BERNHARD SCHLINK IN DER LAEISZHALLE
Platz 1 der Spiegel-Beststellerliste, Platz 1 der Bestsellerliste der New York Times: Der 70-jährige Bernhard Schlink gehört zu den erfolgreichsten deutschen Autoren. Berühmtheit erlangte er durch sein Buch „Der Vorleser“. Beim Festival stellt er sein neues Buch „Die Frau auf der Treppe“ vor. Schlink lebt 2/3 des Jahres in Berlin und 1/3 des Jahres in New York, wo er auch unterrichtet. Er ist nicht nur Schriftsteller, sondern auch Jurist. Der Roman handelt von einem verschollenen Bild, das nach Jahrzehnten wieder auftaucht. Auf diesem Bild zu sehen: Eine nackte Frau, die eine Treppe hinabschreitet. Es entsteht ein Konflikt zwischen drei Männern, einem Anwalt, dem Maler des Bildes und dessen Besitzer, die sich alle in die Abgebildete verliebt haben. Pate für das Bild in seinem Buch sei ein Bild von Gerhard Richter, das als Postkarte auf seinem Schreibtisch stehe, so Schlink. Und dieses werde jetzt immer mit den Rezensionen in den Zeitungen abgedruckt.
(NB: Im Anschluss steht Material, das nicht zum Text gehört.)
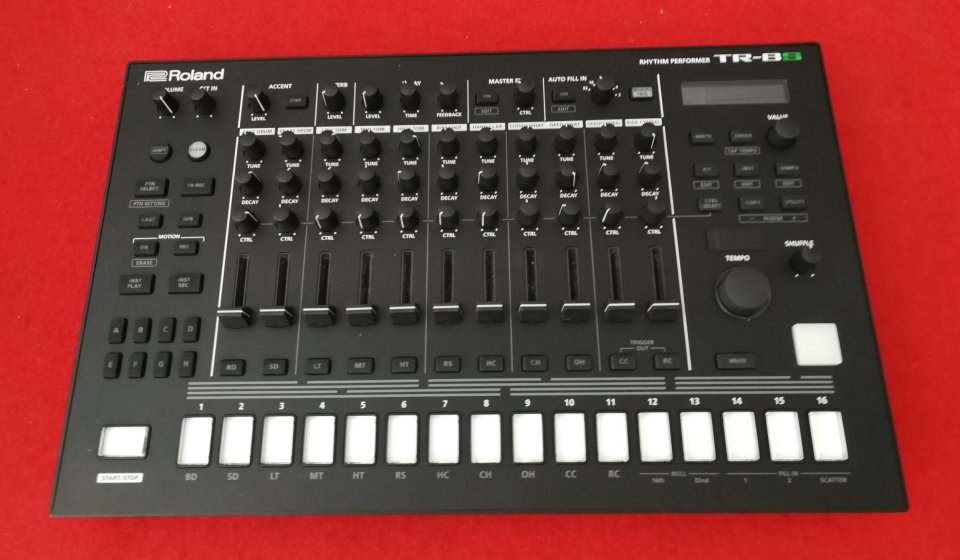 Roland TR-8S AIRA Rhythm Performer de segunda mano · Foto 2 de 4 · Girona · 489 €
Er habe sowohl Ema, der Frau auf dem Bild, sowie auch Gerhard Richter ein Buch geschickt. Auch wenn das Richter-Bild nicht der Anlass für das Buch gewesen sei, sondern einfach gut passte, sagt er: „Ich bin ein naiver Schriftsteller“, so Schlink. Wie er schreibe, überlege er sich vorher nicht – den Inhalt aber schon. Wenn er ein Buch handschriftlich anfinge, würde er es ebenso beenden; wenn er auf dem PC die ersten Gedanken zusammentrage, dann würde das Buch auf dem PC geschrieben. „Das ist nun mal so.“
Schlink ist ruhig und freundlich. Er lässt sich auch nicht vom Moderator, der seine Sicht der Dinge kundtut und nur Fragen stellt, die mit „ja“ oder „nein“ zu beantworten sind, aus der Ruhe bringen.

FAZIT
Ein buntes Festival mit vielen unterschiedlichen Autoren, Genres, Locations. Vielleicht könnte das Festival im nächsten Jahr auch komplett englischsprachige Lesungen in das Programm aufnehmen. Das spart Zeit für Übersetzungen – und das Gros des Publikums würde dies sicherlich begrüßen.